Overcoming Technician Drought
MSP business practices can have disastrous effects on employee turnover. There are many operational aspects that keep jobs from being filled and make it distasteful for tech professionals to remain with a given company too long. This is perhaps most dramatically demonstrated through contemporary colloquial slang.
Tech people today are often pigeonholed into a static position. They call themselves “mushrooms” and the term makes sense. They basically process error detritus comprising the operational forest floor and nothing else. But people weren’t meant to be mushrooms. Such situations contribute to almost 600,000 tech jobs which remain unfilled for 90 days or more.
There are more reasons than just poor management which contribute to lost productivity. There’s skill and the technological shift which is today making start-up companies an economic sector unto themselves. The solution? Retain good employees. Here are several things you can do to reduce turnover:
- Invest in staff
- Collect operational data
- Give feedback— positive and negative
- Institute benefits
Investing In Staff
Your MSP business will likely be comprised of industry professionals with a passion for what they do. If they’ve got passion, that means they’re likely to have the right kind of attitude. If that attitude changes, it’s your MSP’s fault. To maintain passion, you need to reward excellence. Staff investment means giving raises where raises are due. Many tech employees quit due to under-representative compensation: they can make more with the “other guys” than you, and after a few years treading water realize your MSP is wasting their time.
Another way of investing in your staff is to give them paid time off to learn new things or pay them while at work to take online courses pertaining to new technology. Technician training helps tech professionals grow and you’re going to need to provide it anyway— the tech market is always in forward transition. So, get ahead of the curve by investing in employee education preemptively.
Company Data Pertaining To Operations
Your employees are going to be liquidated and acquired at statistically predictable rates.

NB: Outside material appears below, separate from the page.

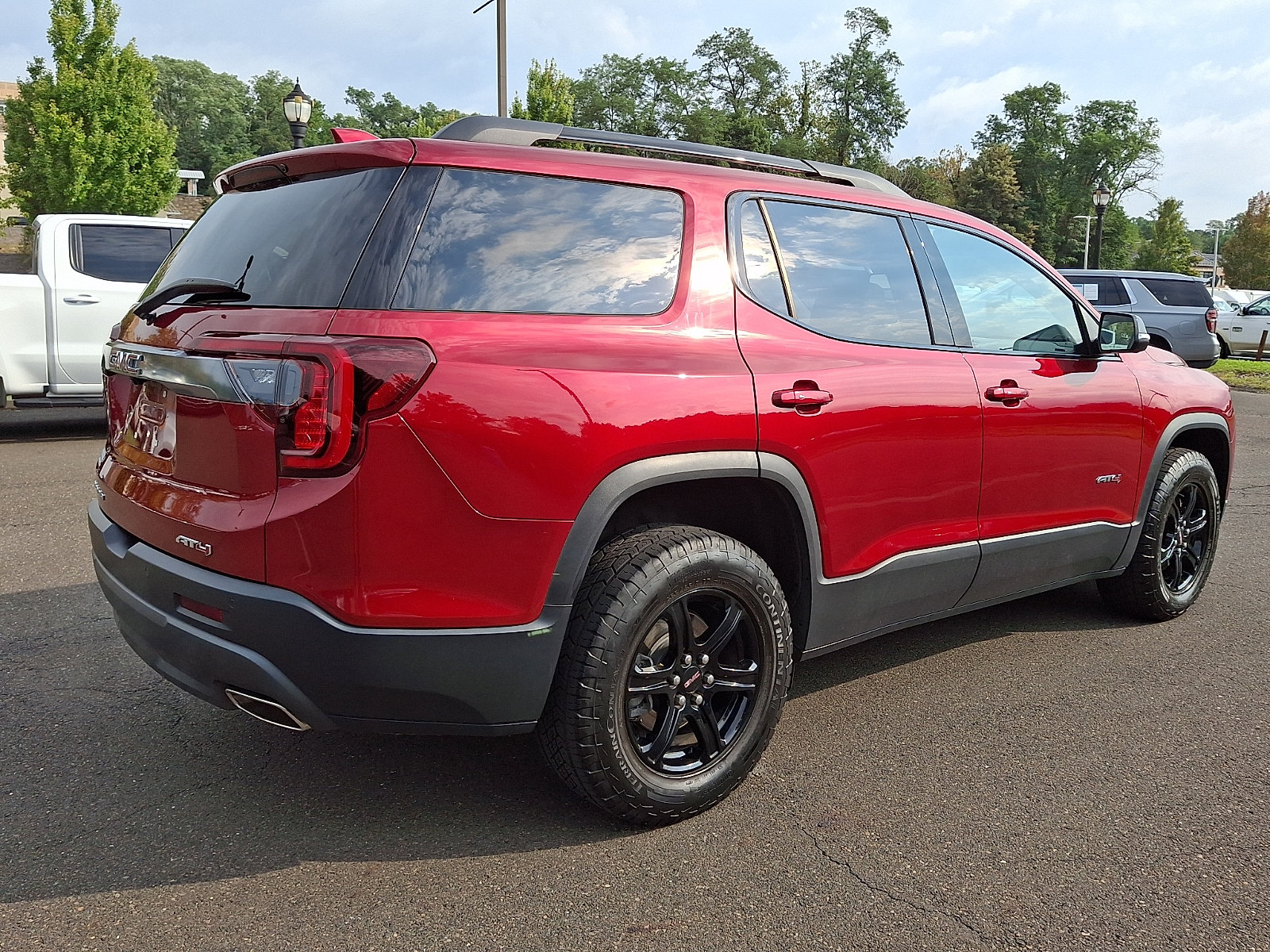 Used 2023 GMC Acadia AT4 w/ Technology Package AWD/4WD image 6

You need to keep an eye on those numbers to determine whether your retention measures are working or not. Additionally, you want data on individual employees for rewards. Many businesses have systems that reward good attendance, but it’s a sort of negative reinforcement system, i.e. the reward is not getting punished. You want a system that will mete out bonuses, time off, break time, or whatever’s most desired by employees should they do well.

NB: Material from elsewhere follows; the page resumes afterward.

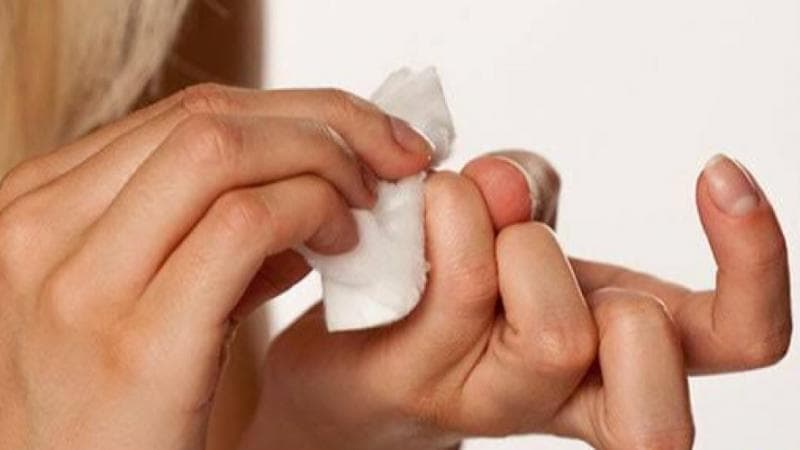 Jangan Panik! Cara Menghilangkan Lem Alteco di Tangan Ini Mudah Dilakukan Jangan Panik! Cara Menghilangkan Lem Alteco di Tangan Ini Mudah Dilakukan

Feedback, Positive and Negative
Your technicians need to know when they’re doing good work. You don’t want to just plant them like fungal mushrooms in some hangar full of servers 20 floors below management. You need to periodically look at their performance and reward it when it is good. This can also help you know whether they’ve got the right tools at their disposal or not. Sometimes, an employee can’t get a job done right not because of attitude or motivation, but because they’re not properly equipped for it by management. Regular positive and negative feedback can help you determine where your employees are at and how to best enable them for success.
Are there any snacks available? How about beverages— do your techs have a coffee machine? Don’t be cheap. Give them coffee or tea, have somebody bring in some snacks once a week, or maybe even daily if that’s affordable. Put a ping pong table in the break room. Diminish the pain of the daily grind. These things can go a long way toward retaining technicians.
Last but not least, you need to communicate with employees. Don’t just plant them in a tech closet, interact with them. This helps communicate value in a subconscious way, it gives you information acquirable no other way, and it builds a relationship between you and your technicians which can lead to loyalty.
A Well-Oiled Machine
Happy employees with benefits who can communicate with their superiors will do better work, stay with a company longer, and ultimately be an asset which is more valuable. Your employee investment is actually an investment in your MSP business as a whole, so don’t neglect it.